The
cost and rapid rate of deterioration of pure-platinum catalysts has
stalled the advancement of fuel-cell technology until now. Brown
University chemists and authors in the Journal
of American Chemical Society have
found a particle that lasts longer and outperforms any commercially
available pure-platinum catalyst.
Chemists
at Brown
University have replaced pure-platinum catalysts with a
nanoparticle consisting of a five-nanometer palladium core and an
iron-platinum shell. This new particle uses far less platinum
than the former and is much more efficient and long-lasting as far as
the cathode end of fuel-cell reactions go.
At
the fuel cell's cathode of this new nanoparticle, a chemistry known
as oxygen reduction reaction occurs creating water as it's waste
instead of carbon
dioxide produced by internal combustion systems. Since the
cathode is where 40 percent of a fuel cell's efficiency is depleted,
this is a critical act that could help fuel-cell's become more
competitive with batteries and internal combustion engines.
Lab
tests show that the palladium core/iron-platinum shell nanoparticles
"generated 12 times more current than commercially available
pure-platinum catalysts at
the same weight." In addition, the output lasted 10,000 cycles,
which is 10 times longer than commercially available pure-platinum
models that begin to break down after 1,000 cycles.
According
to Vismadeb Mazumder, a Brown University graduate student and
co-author, the idea was to mold a shell so that it would keep its
shape while requiring the least amount of platinum to make an
efficient reaction. The iron-platinum shell was made by decomposing
iron pentacarbonyl and reducing platinum acetylacetonate, which
resulted in a shell that is only 30 percent platinum. In the future,
these chemists expect to be able to make thinner shells with even
less platinum.
Currently,
Mazumder and fellow co-author Shouheng Sun, professor of chemistry at
Brown, are working to find why the catalytic abilities of the
iron-platinum shell are increased by the palladium core.
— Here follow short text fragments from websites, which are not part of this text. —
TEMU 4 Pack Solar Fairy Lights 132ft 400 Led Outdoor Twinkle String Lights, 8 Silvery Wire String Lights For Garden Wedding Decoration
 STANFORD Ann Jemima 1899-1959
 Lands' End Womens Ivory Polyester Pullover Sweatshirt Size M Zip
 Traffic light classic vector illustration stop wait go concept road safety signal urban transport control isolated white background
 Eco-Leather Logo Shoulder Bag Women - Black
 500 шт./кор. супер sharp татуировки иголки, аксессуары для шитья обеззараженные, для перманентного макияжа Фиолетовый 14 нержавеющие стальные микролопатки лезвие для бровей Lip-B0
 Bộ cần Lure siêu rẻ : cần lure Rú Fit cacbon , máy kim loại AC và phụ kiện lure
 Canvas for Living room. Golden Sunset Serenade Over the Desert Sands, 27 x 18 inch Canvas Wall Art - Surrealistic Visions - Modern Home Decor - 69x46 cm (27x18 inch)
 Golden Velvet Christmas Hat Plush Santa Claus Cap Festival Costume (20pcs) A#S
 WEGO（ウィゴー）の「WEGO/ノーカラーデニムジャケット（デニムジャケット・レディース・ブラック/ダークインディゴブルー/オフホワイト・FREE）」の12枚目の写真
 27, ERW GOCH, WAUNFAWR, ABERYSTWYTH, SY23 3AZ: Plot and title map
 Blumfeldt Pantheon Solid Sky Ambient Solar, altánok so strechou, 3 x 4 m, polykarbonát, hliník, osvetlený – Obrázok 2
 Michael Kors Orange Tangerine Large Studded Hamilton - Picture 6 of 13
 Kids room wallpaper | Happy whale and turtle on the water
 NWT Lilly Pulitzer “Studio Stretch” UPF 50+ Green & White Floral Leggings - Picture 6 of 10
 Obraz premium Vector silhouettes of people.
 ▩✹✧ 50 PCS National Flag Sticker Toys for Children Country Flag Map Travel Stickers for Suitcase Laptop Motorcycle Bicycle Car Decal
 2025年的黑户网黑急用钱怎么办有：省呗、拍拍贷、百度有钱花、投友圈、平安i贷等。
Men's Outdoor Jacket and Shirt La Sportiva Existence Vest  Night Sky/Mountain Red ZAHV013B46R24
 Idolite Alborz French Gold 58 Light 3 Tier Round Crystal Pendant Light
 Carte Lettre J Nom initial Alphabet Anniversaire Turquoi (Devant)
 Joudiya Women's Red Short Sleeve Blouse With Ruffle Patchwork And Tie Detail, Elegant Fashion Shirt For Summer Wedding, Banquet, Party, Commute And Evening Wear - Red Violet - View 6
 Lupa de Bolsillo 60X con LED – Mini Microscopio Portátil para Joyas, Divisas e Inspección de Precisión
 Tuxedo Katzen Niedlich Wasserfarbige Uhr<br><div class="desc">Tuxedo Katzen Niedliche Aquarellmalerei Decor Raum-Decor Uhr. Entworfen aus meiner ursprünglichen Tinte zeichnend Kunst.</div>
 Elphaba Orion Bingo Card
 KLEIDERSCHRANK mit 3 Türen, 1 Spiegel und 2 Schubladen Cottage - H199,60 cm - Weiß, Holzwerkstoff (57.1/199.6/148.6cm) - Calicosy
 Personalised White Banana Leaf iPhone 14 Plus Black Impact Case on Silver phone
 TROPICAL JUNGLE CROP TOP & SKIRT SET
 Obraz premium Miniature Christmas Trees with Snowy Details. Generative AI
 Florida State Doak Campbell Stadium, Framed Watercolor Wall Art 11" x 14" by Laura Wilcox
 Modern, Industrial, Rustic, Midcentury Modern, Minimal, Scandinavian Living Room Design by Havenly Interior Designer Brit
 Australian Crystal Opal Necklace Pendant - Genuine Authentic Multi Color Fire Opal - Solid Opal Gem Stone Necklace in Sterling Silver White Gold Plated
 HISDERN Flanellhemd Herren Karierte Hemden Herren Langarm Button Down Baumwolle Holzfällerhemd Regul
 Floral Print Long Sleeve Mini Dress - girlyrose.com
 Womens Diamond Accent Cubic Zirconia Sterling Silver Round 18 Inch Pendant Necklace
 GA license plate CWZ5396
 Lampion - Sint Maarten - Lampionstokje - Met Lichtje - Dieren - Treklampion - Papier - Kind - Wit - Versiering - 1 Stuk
They think
the transfer of electrons between the core and shell metals might be
the cause, and both chemists are trying to use a more chemically
active metal than palladium as the core to "confirm the transfer
of of electrons in the core-shell arrangement. and its importance to
the catalysts function." In addition, they created iron-platinum
shells varying from one to three nanometers in width, with
one-nanometer functioning the best.
"This
is a very good demonstration that catalysts with a core and a shell
can be made readily in half-gram quantities in the lab, they're
active and they last," said Mazumder. "The next step is to
scale them up for commercial
use, and we are confident we'll be able to do that."